Calvin Coolidge had the good fortune to occupy the White House at a time of national peace and prosperity, inheriting the job on the death of Warren Harding in 1923, and resigning of his own accord, in advance of the Wall Street crash of 1929. The events of his two terms are not much remembered, and neither is he. His memoirs could be of interest only to someone trying to investigate the astonishing corruption of Harding’s cabinet (in which he sat, as Vice-President), and wondering what he might have to say about it. The answer is that he says precisely nothing.
That, at least, is in character, for ‘Silent Cal’ would become a running joke as president. Supposedly a woman seated beside him at dinner said “Someone’s just bet me I won’t get more than two words out of you”, to which he replied “You lost.” If that wasn’t true, then it should have been, and his taciturnity extends into this little volume, perhaps the only presidential memoirs that a man can comfortably lift.
But don’t look for any miracles of distillation here.

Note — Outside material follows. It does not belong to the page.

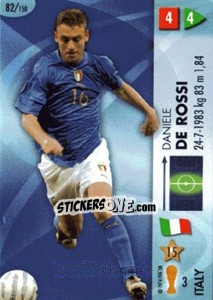 Figurina Daniele De Rossi - GOAAAL! FIFA World Cup Germany 2006 - Panini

The first and better half simply describes a frugal upbringing in small-town Vermont and a good education at Amherst College. The second half, covering the White House years, is disappointingly unrevealing, mostly dry little lectures about how to delegate responsibility.
Entirely absent, for example, is anything about his lively and popular First Lady, except a single sentence, sounding like something on a gravestone. Actually it was Harding’s First Lady I was hoping to hear more about - so dominant in her husband’s career, even helping to select his cabinet, that she must have known more about the scandals than she ever let on.